Представьте себе, что таковы и наши мысли, когда они истинны, таковы смыслы нашей жизни, если они завершены. Это — формы. Гюго говорил о готическом соборе как о живой форме. И поскольку мы тоже говорим о живых формах, возникает роковой вопрос: как живет живое. Во-первых, живое останавливается, завершает себя. Во-вторых, если бы улитка делала еще один виток, это была бы другая улитка или другой вид, то есть другой индивид, другая персона или лик, облик — а облик всегда завершен. Скажем, я возьму элементы облика во втором мире Пруста, в режиме наших слов и названий; в нем ни один элемент не содержит в себе основания его завершения. А вот метафора, по Прусту, прерывает эту дурную бесконечность. Ее прерывает внутренняя структура аналогии, та, которая в совершенно разных предметах производит один и тот же эффект. Ведь натуральные предметы отличаются один от другого. От них не требуется, чтобы они были гомогенными и однородными. Более того, наши акты внимания тоже есть однородный гомогенный эфир психологической или ментальной операции.

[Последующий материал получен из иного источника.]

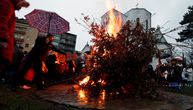 Maske, kišobrani i vernici koje greje iskra radosti: Ovako je izgledalo paljenje badnjaka u Beogradu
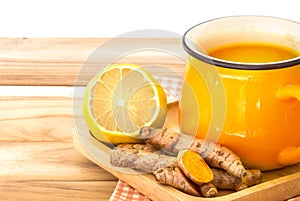 a cup of Turmeric Tea with lemon and ginger , Benefits for reduce Inflammation , Liver Detox and Cleanser healthy herb drink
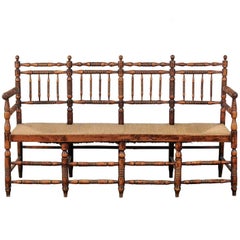 19th Century American Rustic Bench with Spindled Back and Woven Seat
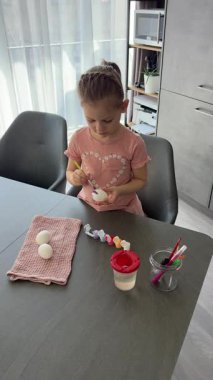 Paskalya yumurtaları üzerinde çalışırken gülümseyen bir çocuk. Sanatsal ifade yoluyla neşe, rahatlık ve gelenek yakalıyor..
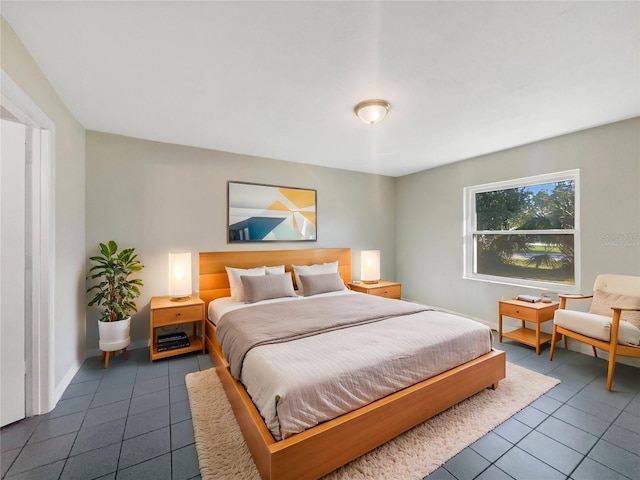 bedroom with dark tile patterned flooring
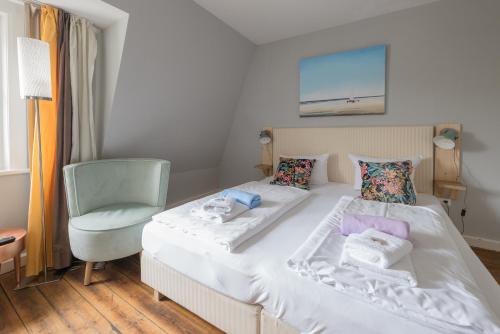 圣彼得奥尔丁Hotel 'Das Strandhaus'的卧室配有白色的床和椅子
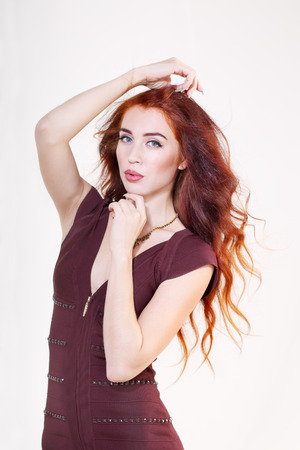 Closeup beautiful young girl with red hair and brown summer dressの写真素材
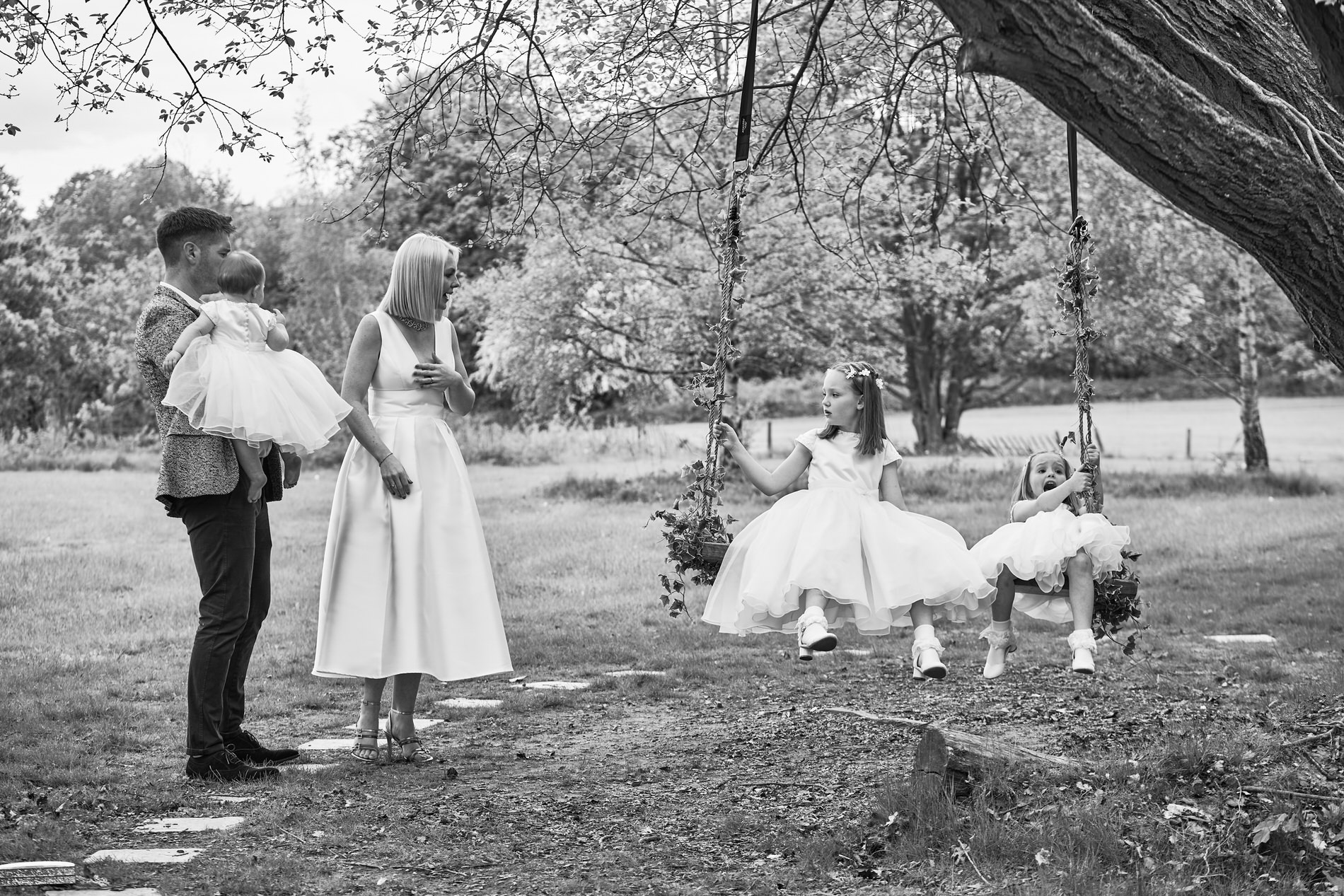 a family chat around the tree swing at Holland Hall for a candid unposed family photo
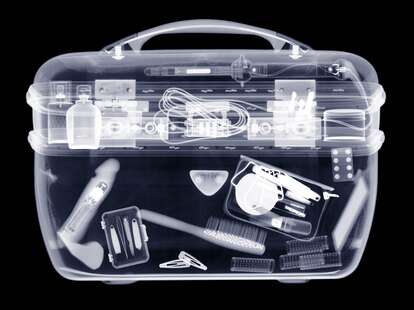 Vanity case with contents, X-ray, showing an interior that contains a vibrator. 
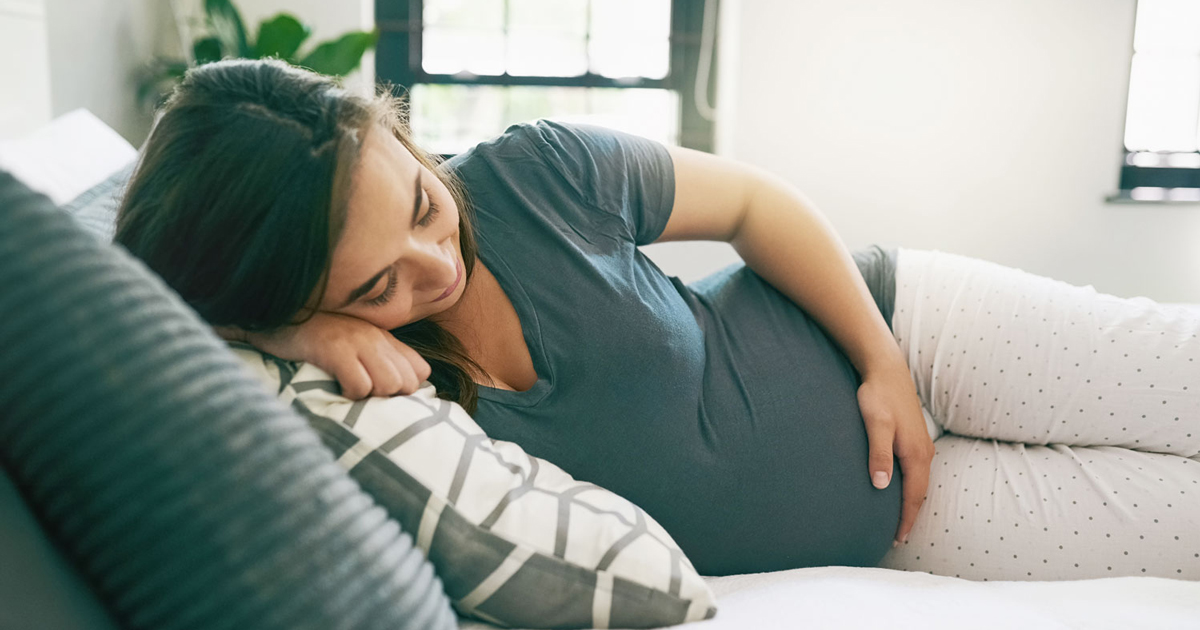 pregnant woman sleeping on a bed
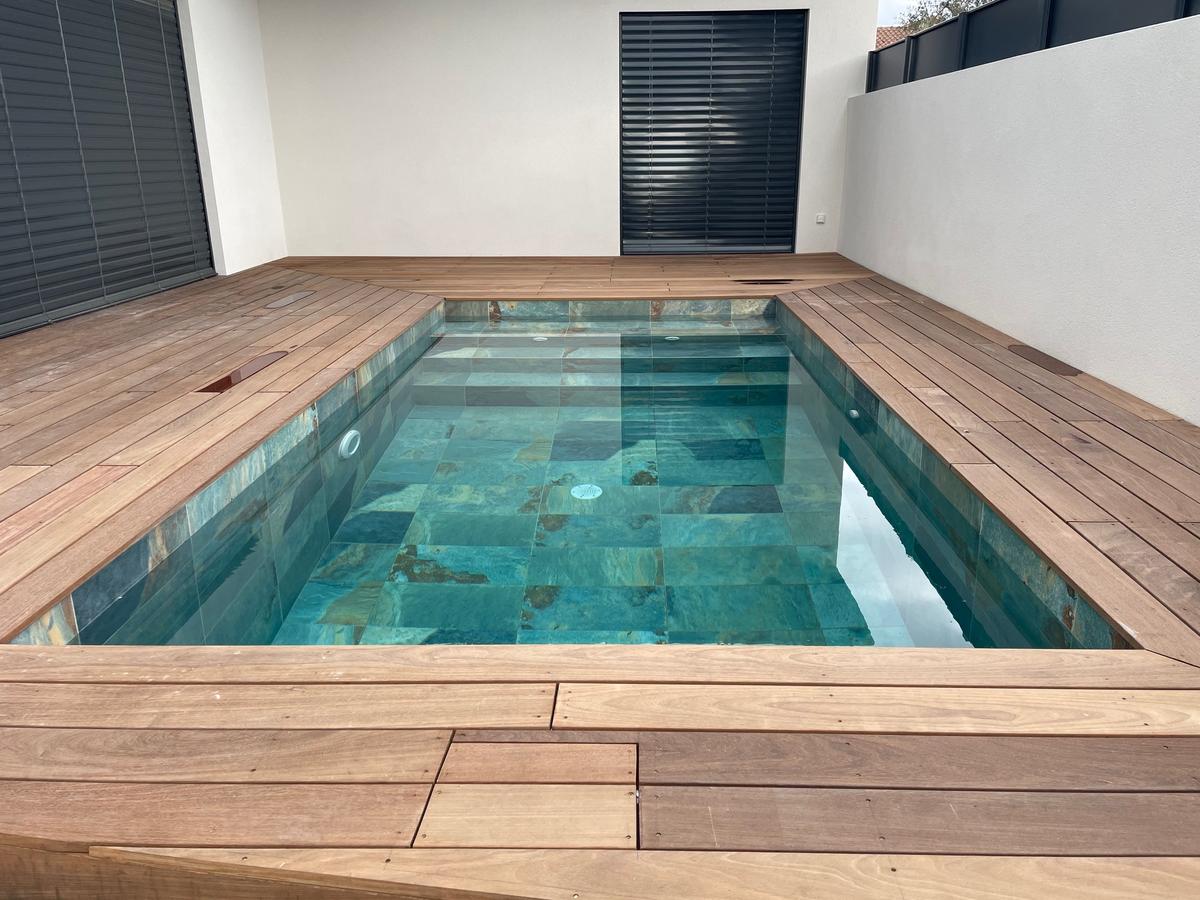 Carrelage aspect pierre multicouleur sans motifs 30x60 cm sur bord de piscine avec terrasse en bois brun clair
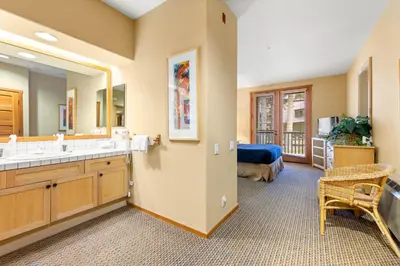a bathroom with two sinks and a mirror at Palisades Tahoe Lodge Rentals Two Bedroom #716 in Olympic Valley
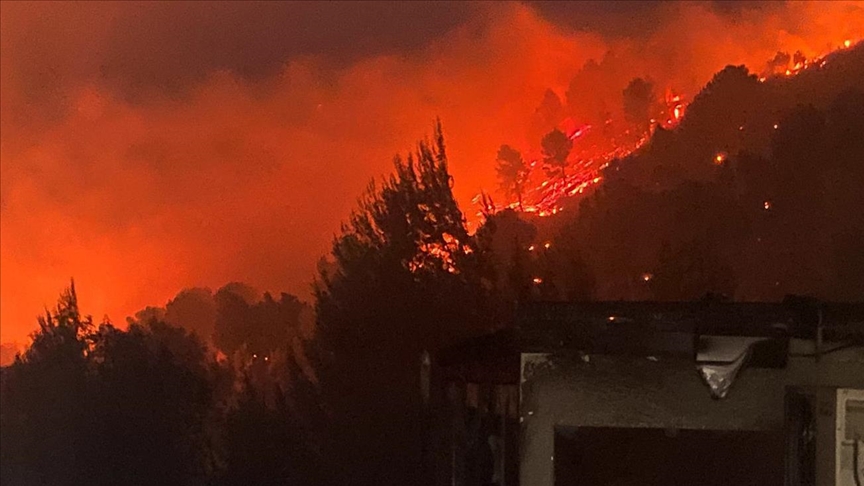 Israeli firefighters battle to extinguish fires after Hezbollah rocket fire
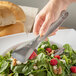 A person using Carlisle stainless steel bread tongs to serve bread at a table with salad.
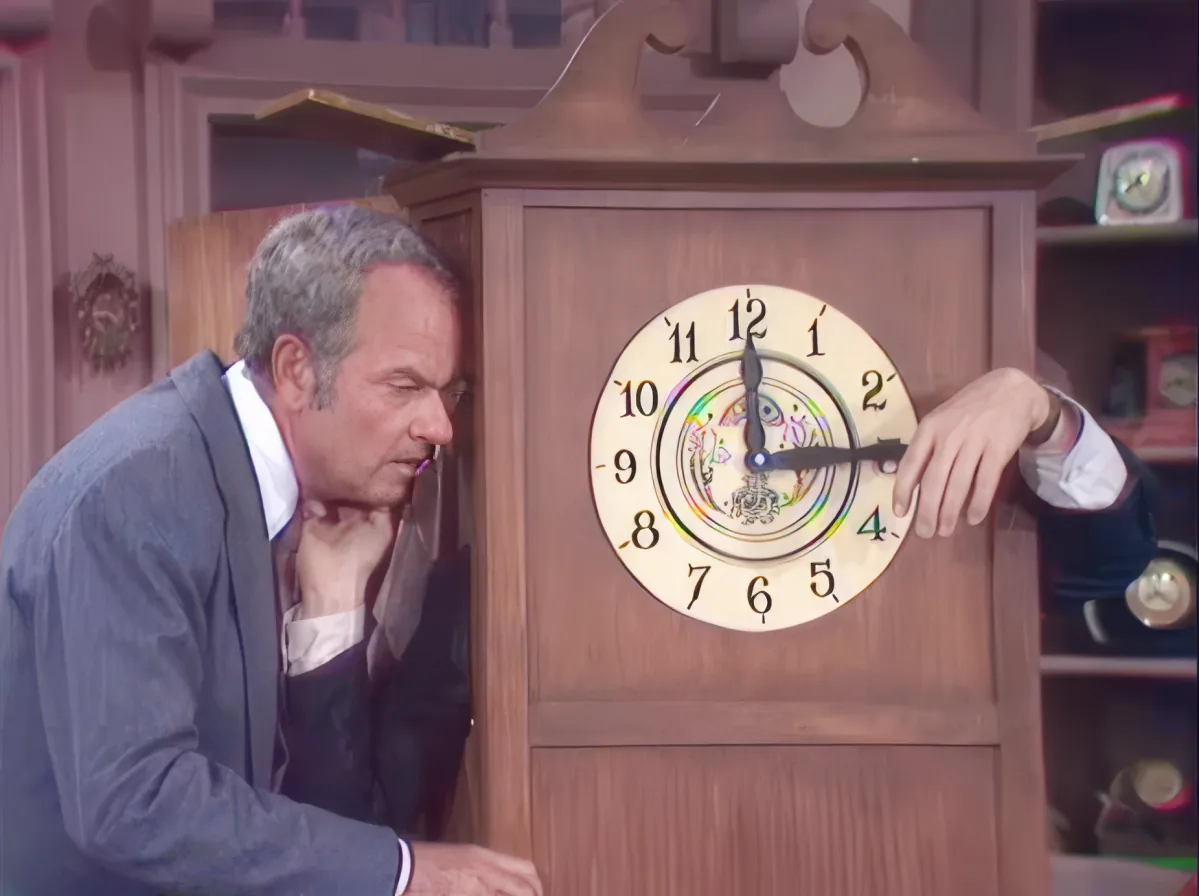 A man leans toward a wooden grandfather clock with a visible pendulum and clock face.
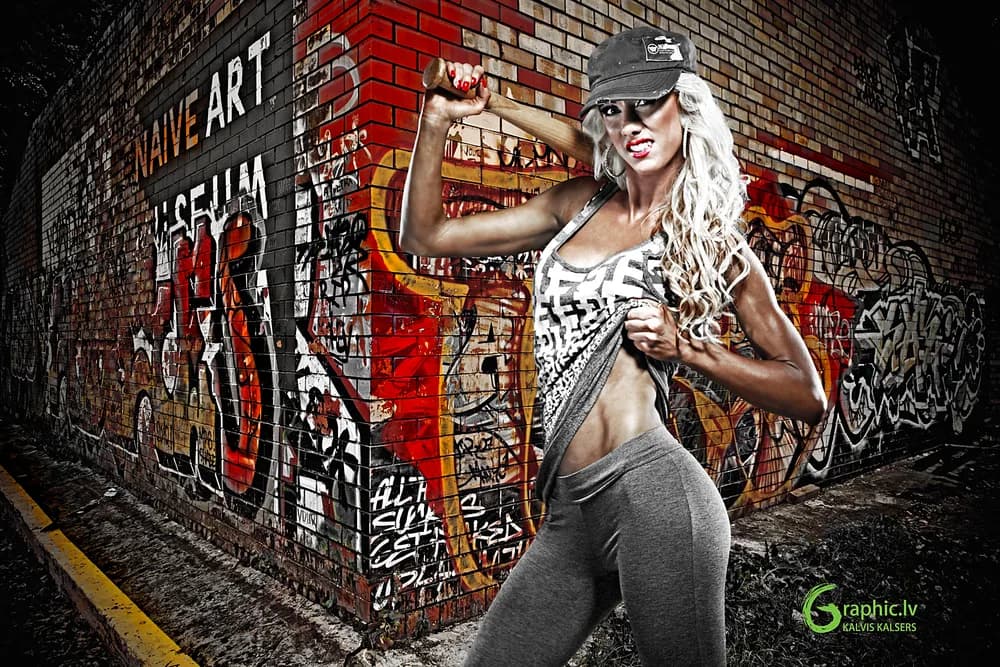 Fitnesa modele sporta apģērbā pozē ar beisbola nūju pie grafiti sienas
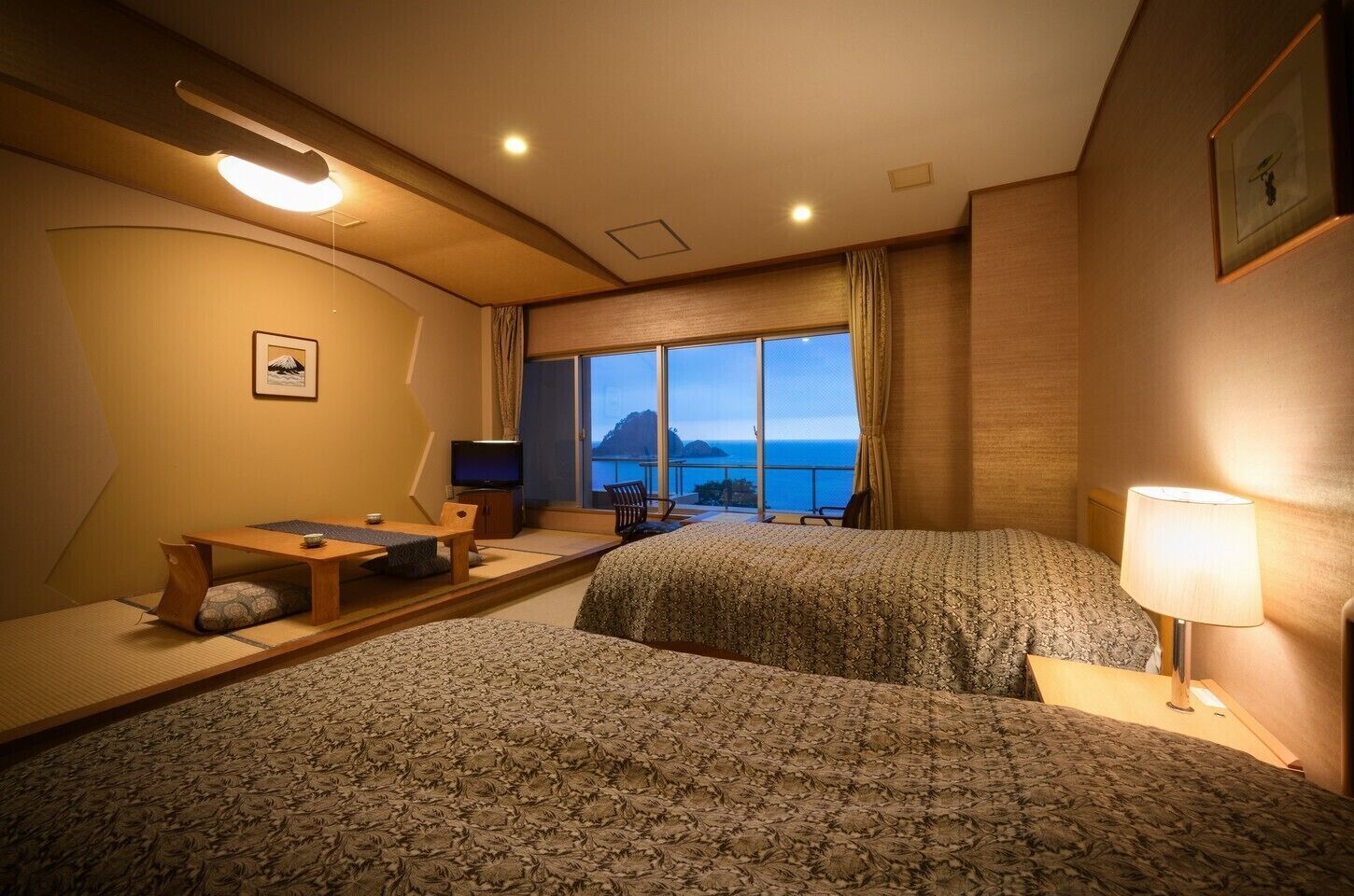 A hotel room with two beds, a desk with a chair, a television, and a view of the ocean.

А материалом, составляющим произведение, являются негомогенные, сросшиеся с предметом ментальные операции, такие, что предмет вообще бы не возник в горизонте моего взора, если бы под ним не лежало оживляющее его мое когитальное присутствие или ангажированность. Нет щек Альбертины, если их не надувает ветер желания. Их нет как предмета восприятия — без желания вы не увидите этих щек, они не будут содержать никакого критерия, почему вы можете мыслью остановиться. Ведь наша мысль есть остановка, мы каждый раз должны сказать: вот, это так! И вовсе не содержание предмета дает нам право. Есть другие основания для остановки. Например, Альбертина лжет, потому что в ее словаре вдруг появляется слово, относящееся к совершенно другому ментальному классу, и по этому слову, а вовсе не по ее поведению и не по содержанию слова, Пруст решает: Альбертину можно поцеловать. А что значит: решил, что можно поцеловать? Переведем на наш язык. Это значит — остановка. Он же не стал добавлять еще этот элемент, другой и так далее. Нет, он извлек мысль. То есть я хочу сказать, что все смыслы по определению дискретны и есть живая форма, которая всегда замкнута.